The applicant is represented before the Court by John Carroll & Company, a firm of solicitors based in Glasgow, Scotland.
The facts of the case, as submitted by the applicant, may be summarised as follows.
On 29 December 1997 police officers acting on information searched the applicant’s home pursuant to a warrant issued under the Misuse of Drugs Act 1971 (“the 1971 Act”). The applicant was cautioned by the police at the start of the search and did not exercise his right to silence. The search of the applicant’s home uncovered quantities of cannabis resin and amphetamines as well as cash and a “tick list”.

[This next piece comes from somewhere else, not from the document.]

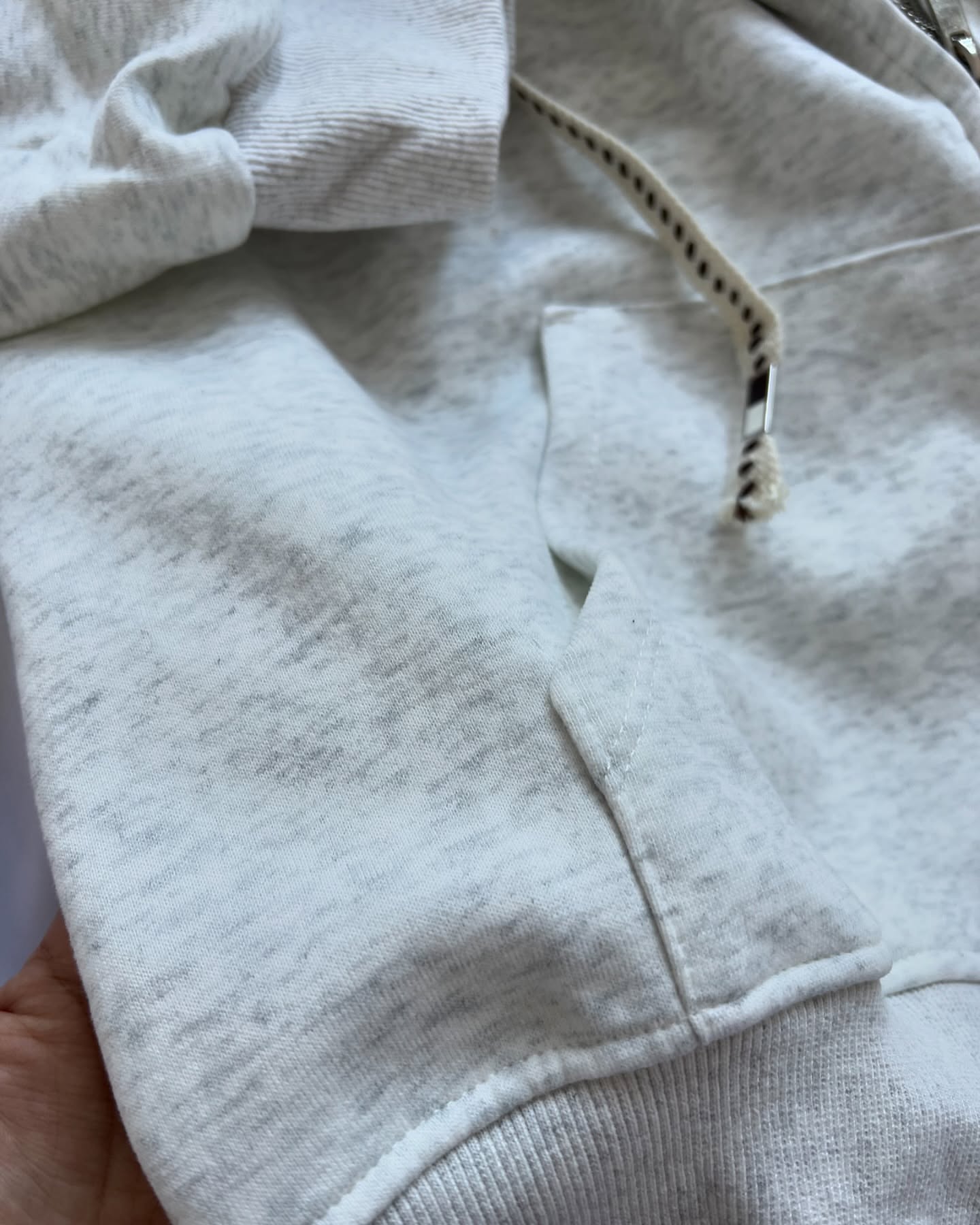 سویشرت دخترانه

Towards the end of the search a visitor (“R.”) called at the house. The police admitted him and he was found to be in possession of a set of scales. When questioned about the scales, R. replied in the applicant’s presence: “They’re Pele’s ”. Pele was the applicant’s nickname. The applicant did not react to R.’s statement. A brownish residue on R.’s scales was later found to contain the active principles of cannabis.
The applicant was charged under the 1971 Act with being concerned in the supply of controlled drugs.
At the trial both the applicant and R., who was called as a defence witness, denied that the incriminating words were uttered by R. In the applicant’s submission R. had said that the scales were broken. The applicant maintained that the drugs belonged to a third party (“J.”) who called at his house before the police arrived and had left his jacket with him. R. testified that the scales had been left in his car by another third party and that they had nothing to do with the applicant. He told the jury that it was a coincidence that he had turned up at the applicant’s house with the scales and that the only purpose of his visit was to collect the jacket left there by J. The prosecution accepted that the applicant and R. did not know each other.
At the close of the trial the judge directed the jury that it was for the prosecution to prove the applicant’s guilt beyond reasonable doubt and summed up the evidence which they had heard during the trial. As to R.’s statement and the applicant’s failure to deny its implications, the trial judge stated:
“... You can also have regard to evidence about what was said by another person about the accused in his hearing and that is because he has an opportunity there and then to contradict what is being said about him if he wishes to dispute it, and that is obviously of relevance when you are looking at the evidence of what [R.] may have said about the scales and the police asked him a question about the scales... You might think from that that the scales had been associated with the weighing of cannabis and you might want to relate that to what was found in the house and also the Crown would ask you to take account of what, according to the police, [R.] said about the scales. ... You remember that evidence was that he said ‘They’re Pele’s ’ – Pele being the nickname of the accused. That, of course, is denied and it is for you to decide whether you accept the police evidence or whether you disbelieve it or at least you think it is open to doubt, having regard to the evidence given by the [applicant] and [R.] ... Now, you will have to consider that issue, was that said and if so what can you take from it. Is this in some way indicative of some activities to do with weighing quantities of cannabis and does that have some bearing on the question of being concerned in the supplying of the cannabis so you can see it is a matter which might be regarded as being relevant to the central issue here.”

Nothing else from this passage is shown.